EXERCISE AIM —
Give back the records below exactly, omitting the pictures.

<<<<

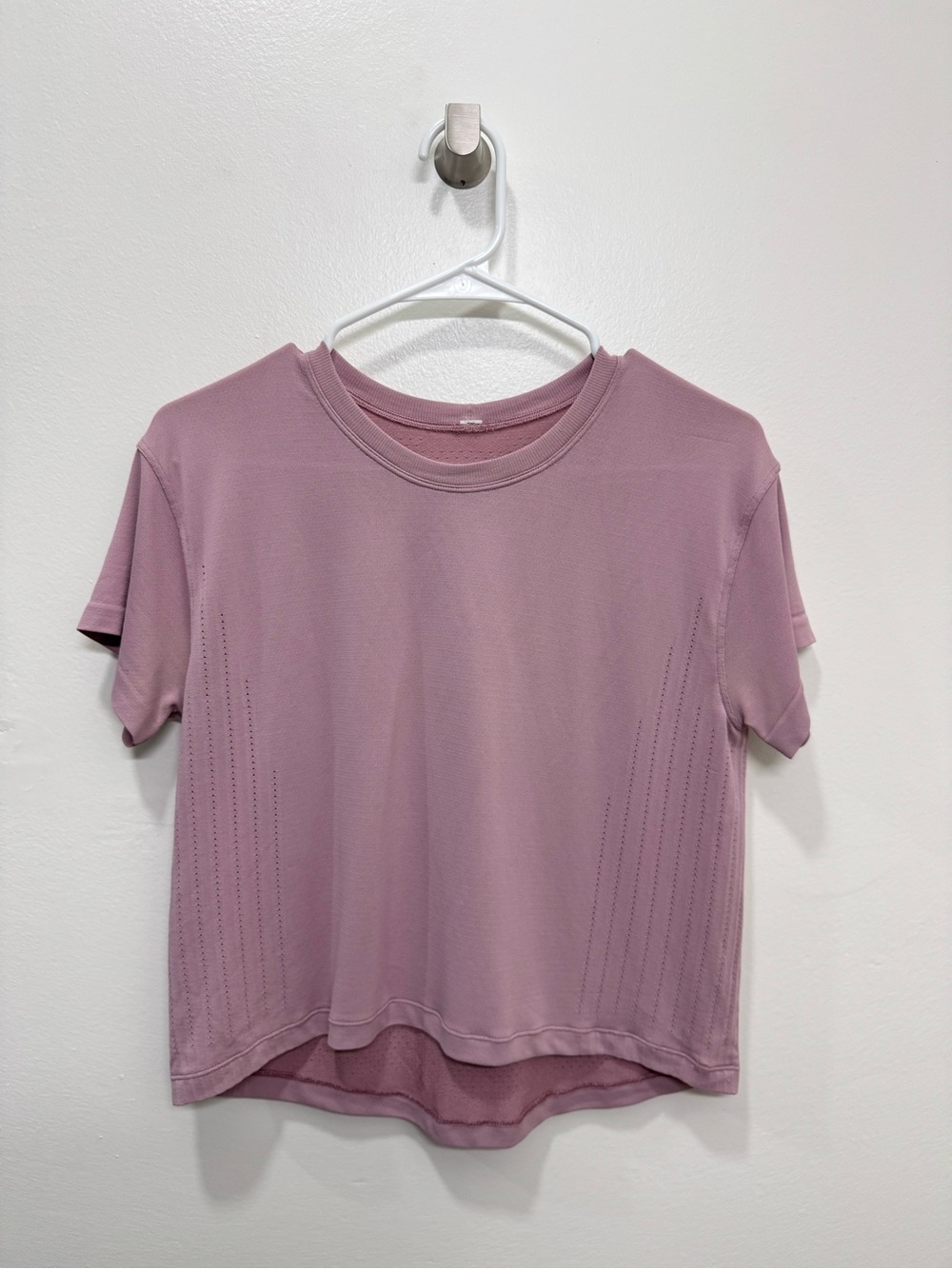 Lululemon Pink/Mauve cropped T-shirt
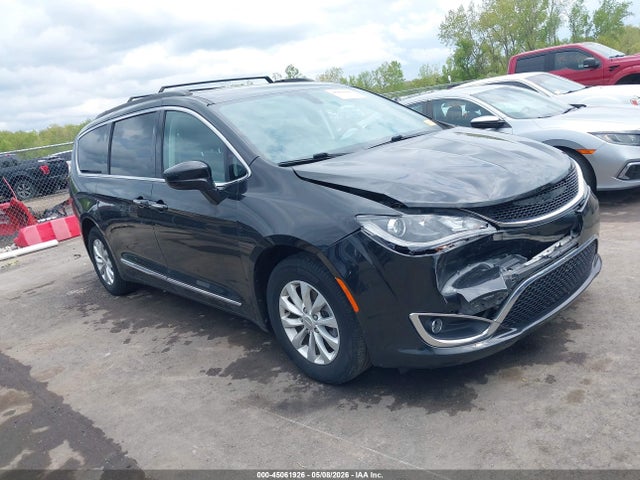 2017 Chrysler Pacifica Touring-l მანქანა იყიდება აუქციონზე, vin: 2C4RC1BG9HR759620, აუქციონის ნომერი: 45061926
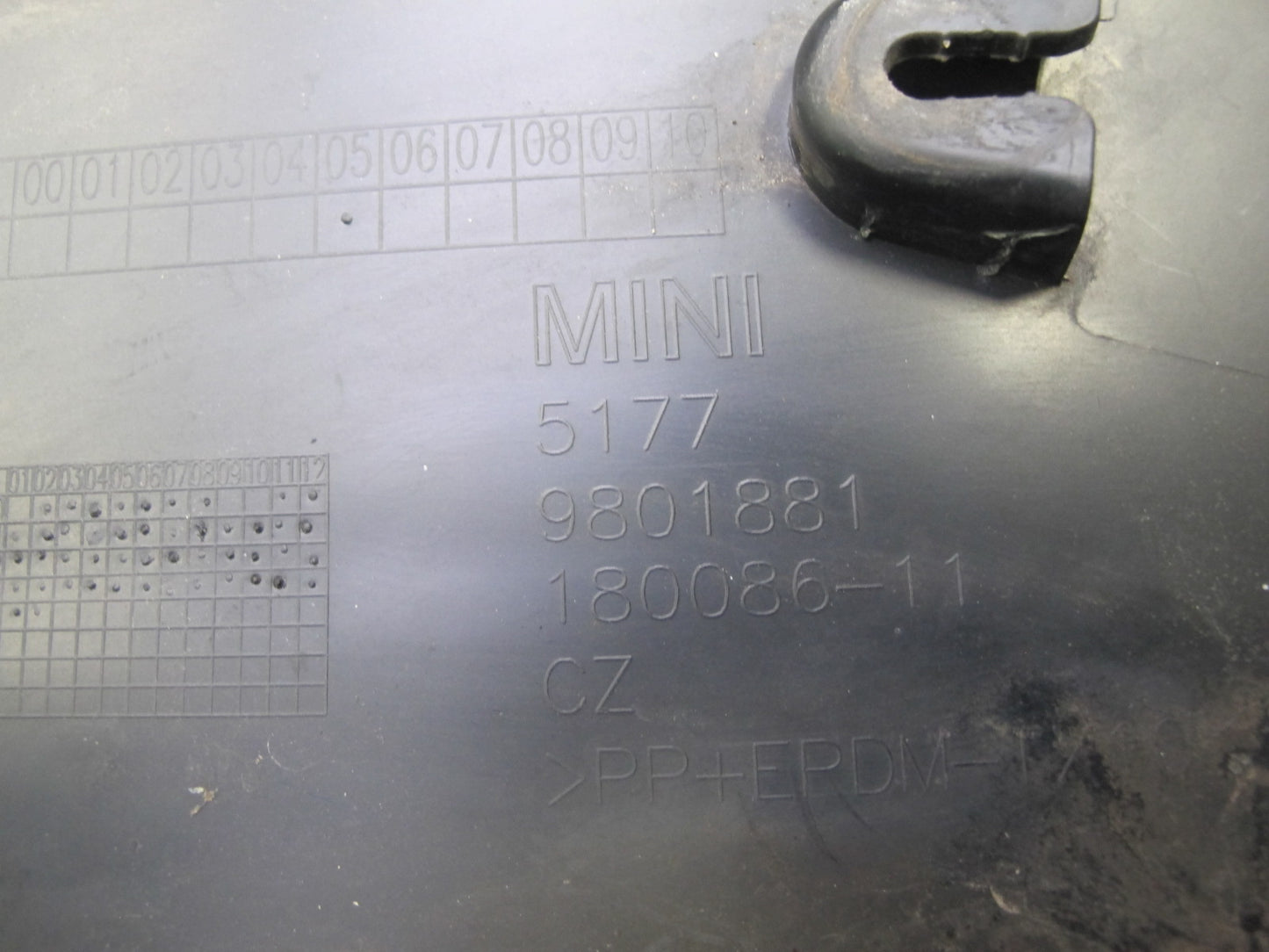 11-15 Mini R60 R61 Countryman Set of 2 Front Fender Wheel Arch Flare Molding OEM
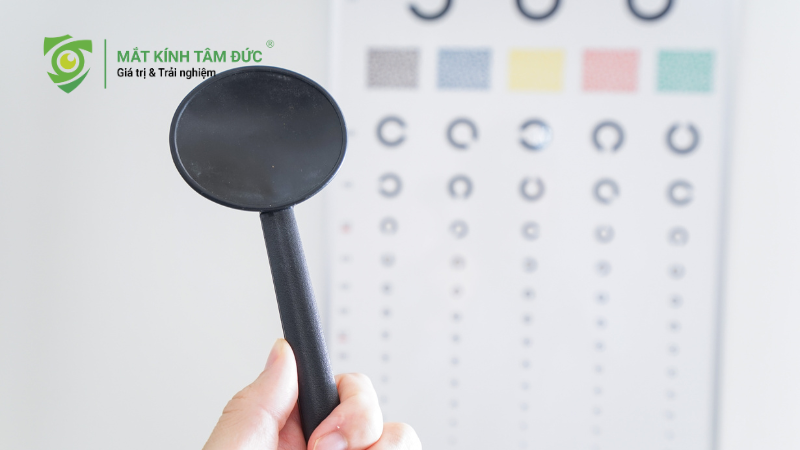 Loạn thị nhẹ trung bình và nặng ảnh hưởng khác nhau đến thị lực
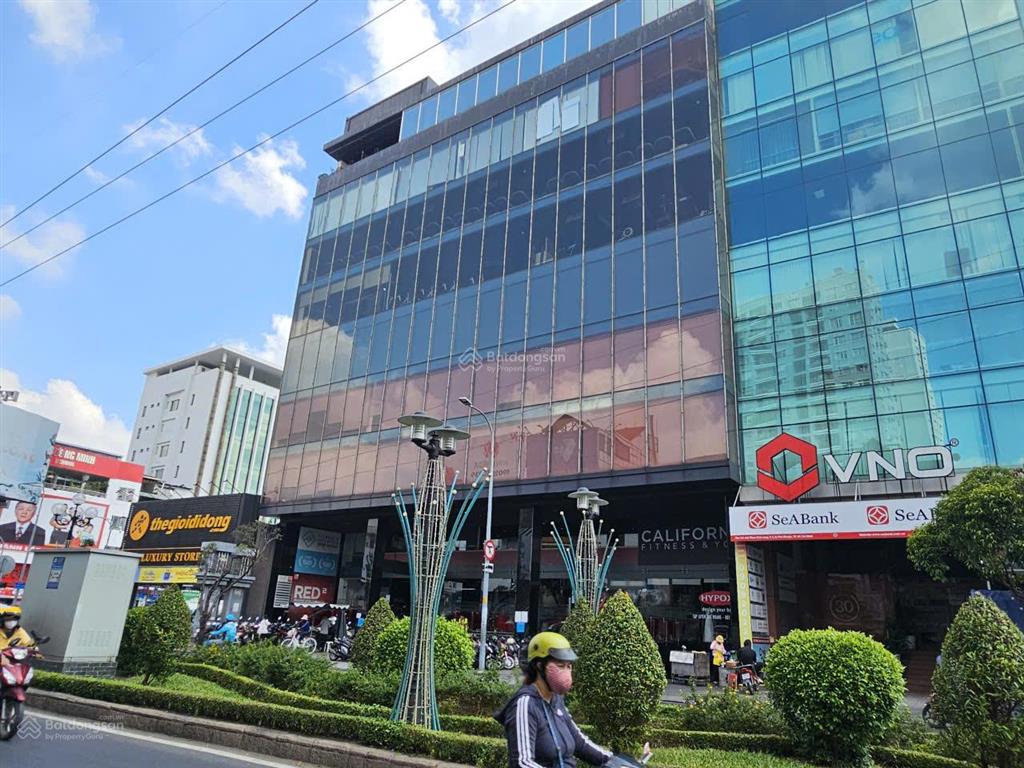 Tòa nhà thương hiệu 5500m phan xích long 28.3x26 hầm 10 tầng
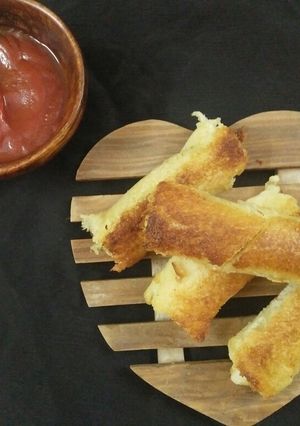 A picture of Potato Paneer Roll.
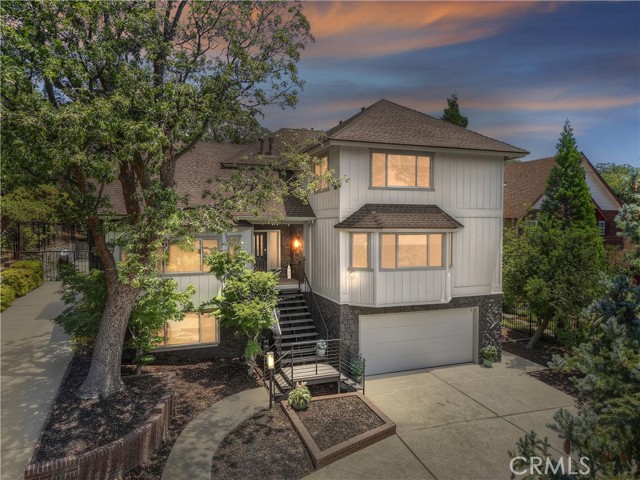 Detail Gallery Image 5 of 70 For 1211 Yellowstone Dr, Lake Arrowhead,  CA 92352 - 4 Beds | 5 Baths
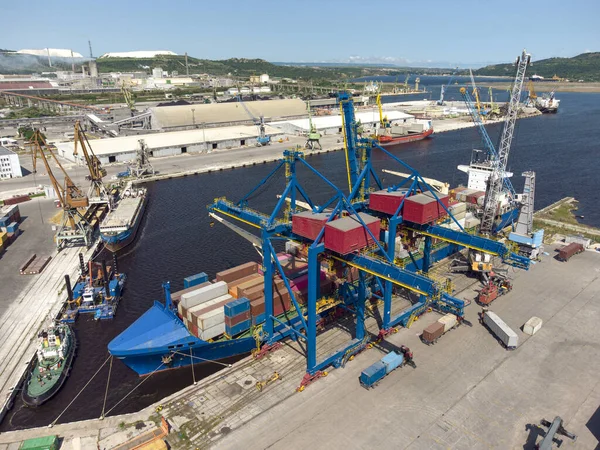 Luftaufnahme Eines Containerschiffs Beim Und Entladen Frachthafen Des Containerterminals — Stockfoto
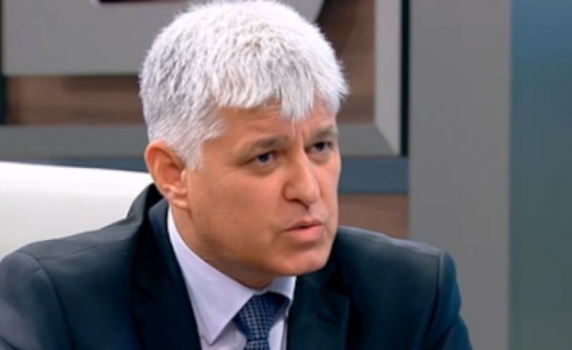 Димитър Стоянов: Президентът може и да не подпише указ за освобождаването на шефа на НСО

>>>>

EXERCISE RESULT —
 Lululemon Pink/Mauve cropped T-shirt
 2017 Chrysler Pacifica Touring-l მანქანა იყიდება აუქციონზე, vin: 2C4RC1BG9HR759620, აუქციონის ნომერი: 45061926
 11-15 Mini R60 R61 Countryman Set of 2 Front Fender Wheel Arch Flare Molding OEM
 Loạn thị nhẹ trung bình và nặng ảnh hưởng khác nhau đến thị lực
 Tòa nhà thương hiệu 5500m phan xích long 28.3x26 hầm 10 tầng
 A picture of Potato Paneer Roll.
 Detail Gallery Image 5 of 70 For 1211 Yellowstone Dr, Lake Arrowhead,  CA 92352 - 4 Beds | 5 Baths
 Luftaufnahme Eines Containerschiffs Beim Und Entladen Frachthafen Des Containerterminals — Stockfoto
 Димитър Стоянов: Президентът може и да не подпише указ за освобождаването на шефа на НСО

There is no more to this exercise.